5. Implications for teaching and learning environments
When fluency is treated as performative, the social and rhythmic conditions that enable it are often overlooked. Fluency develops most powerfully within enriched learning environments where reading is shared, rhythmic and socially meaningful. Performative reading can be taught, but coherent fluent reading must be grown. It arises through participation in contexts where rhythm, dialogue and anticipation are naturally embedded in the act of reading. Here, children internalize the temporal patterns of language through interaction, not imitation.
The teacher’s role, therefore, is not to model expression for replication, but to cultivate conditions where rhythm and meaning are experienced collectively.
If we think about reading as a social encounter - then amid the long periods of flowing reading, there are moments when we might peer into the text to check a detail, or when we want to double check a word if something didn’t sound quite right. This happens in a similar way in conversations. We would only do this if we really needed to. It is more enjoyable to flow with a book or a friendly conversation than to stop and pick out a detail. This takes effort and the greater risk is that we might not find the same level of engaged interaction if we break our of our rhythm. What this tells us is that reading well and being engaged in a great conversation are similarly social, which means that we are locked into the interaction. We are actually entrained which means that we are synchronized by the flow of the written language, in a similar way that we lock rhythmically into a conversation with a close friend.
Why Fluency Emerges When Coherence Is Supported
Taken together, I would recommend that we do not overload children by asking them to mark words for emphasis, places to pause and places to observe punctuation. All of these cues dilute the natural development of reading fluency by adding an unnecessary layer to the cognitive load. When children are enriched sufficiently by rhythm to switch into a different mental state, they read with expression, prosody and fluency. Best of all, they enjoy their reading and teachers tell me that the children ‘see themselves as readers’.

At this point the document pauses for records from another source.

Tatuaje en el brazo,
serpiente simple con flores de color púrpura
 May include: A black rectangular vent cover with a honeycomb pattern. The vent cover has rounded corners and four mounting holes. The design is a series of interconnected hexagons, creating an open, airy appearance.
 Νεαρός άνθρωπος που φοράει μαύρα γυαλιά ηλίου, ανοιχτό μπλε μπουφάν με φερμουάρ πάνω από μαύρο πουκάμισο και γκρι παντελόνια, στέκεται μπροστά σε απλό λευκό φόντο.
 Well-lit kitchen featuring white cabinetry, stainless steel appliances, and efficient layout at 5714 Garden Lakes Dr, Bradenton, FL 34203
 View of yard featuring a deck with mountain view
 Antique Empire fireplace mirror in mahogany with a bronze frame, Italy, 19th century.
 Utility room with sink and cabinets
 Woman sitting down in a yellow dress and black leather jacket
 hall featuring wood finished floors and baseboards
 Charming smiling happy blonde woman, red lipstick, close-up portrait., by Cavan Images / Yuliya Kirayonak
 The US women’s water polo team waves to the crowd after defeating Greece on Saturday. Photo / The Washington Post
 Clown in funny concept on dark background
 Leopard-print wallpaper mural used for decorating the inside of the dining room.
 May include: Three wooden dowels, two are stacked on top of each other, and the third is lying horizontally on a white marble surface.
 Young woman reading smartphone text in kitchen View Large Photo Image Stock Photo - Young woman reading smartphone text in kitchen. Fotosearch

Fluency, then, is sustained not by performance, but by coherence, both cognitive and social. When reading occurs within enriched environments that value rhythm, reciprocity, and shared attention, these cultural signals become the means through which anticipation can develop. Targeted readers learn to rely on predictive cues in language and this is why fluency cannot be imposed. In supportive contexts, fluency emerges through reciprocity, reflecting a deeper, rhythmically sensitive and more coherent relationship between the reader, the text and the school community.
REFERENCES
Gough P. B., Tunmer W. E. (1986). Decoding, reading and reading disability. Remedial and Special Education, 7, 6–10.
Jones, Mari R. "Time, our lost dimension: toward a new theory of perception, attention, and memory." Psychological review 83.5 (1976): 323.